In 1972 Waley left the LSE, where for some of the time he had been the lone medievalist, and was appointed Keeper of Manuscripts at the British Museum, where his son already worked in the oriental department; he transferred in 1973 to the newly formed British Library. He retired in 1991 together with his wife and the couple moved to Lewes. In 1990 he was awarded the British Academy's Serena Medal, and in 1991 he was elected a Fellow of the British Academy (FBA). In addition to the books listed below, he published numerous articles, reviews, catalogue introductions and biographical pieces. In his primary work on the urban government of medieval Italy, he dedicated much attention to the affairs of the smaller communes, among them San Gimignano.
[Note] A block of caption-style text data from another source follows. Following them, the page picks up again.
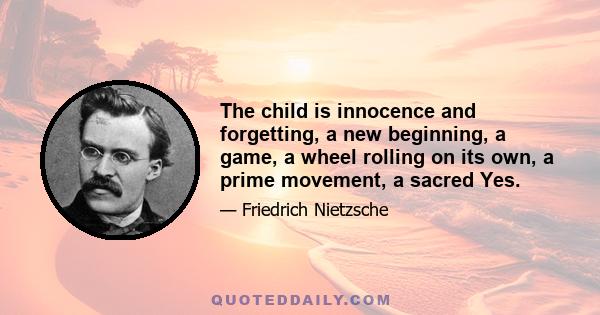 The child is innocence and forgetting, a new beginning, a game, a wheel rolling on its own, a prime movement, a sacred Yes.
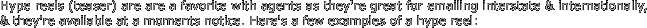 Hype reels (teaser) are are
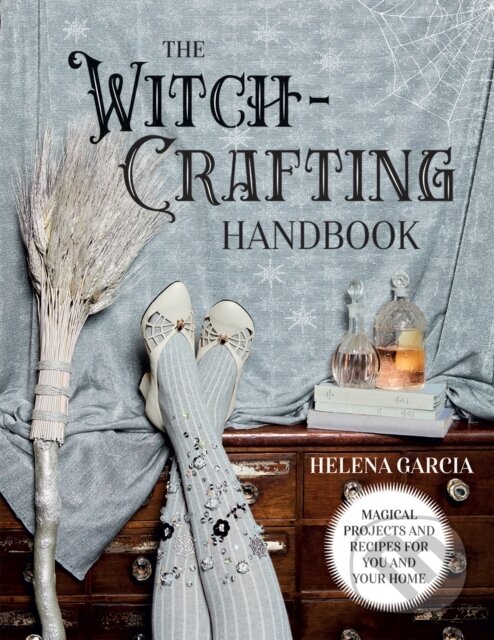 Kniha: The Witch-Crafting Handbook (Helena Garcia). Quadrille, 2021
Waley was a nephew of the orientalist and translator Arthur Waley, who held a similar position at the British Museum in the early 20th century. He married Pamela Griffiths, a wartime employee of Bletchley and later Lecturer in Hispanic and Italian Languages at Westfield College, in 1945; they had two children.

Views and method

Throughout his career Waley gave priority to archival research and showed an inclination for dismantling myths through sober analysis rooted in the source material. Born into a secular Jewish family (one of his grandfathers was a member of the Fabian Society), he gave little place to religious history. His skeptical, inquisitive attitude led him to downplay the impact of ideologies, such as those of the Guelphs and Ghibellines, on social reality. The viewpoint of his works frequently represented local history and approached history from below. He sought to demystify the workings of government and warfare and recreate the popular experience of civic life in medieval Italy. His own involvement in war resulted in an enduring interest in military history. He ventured into modern history by publishing a study dissecting misconceptions around public opinion, which he started researching during his academic career, and in his later years a biography of a Liberal Imperialist.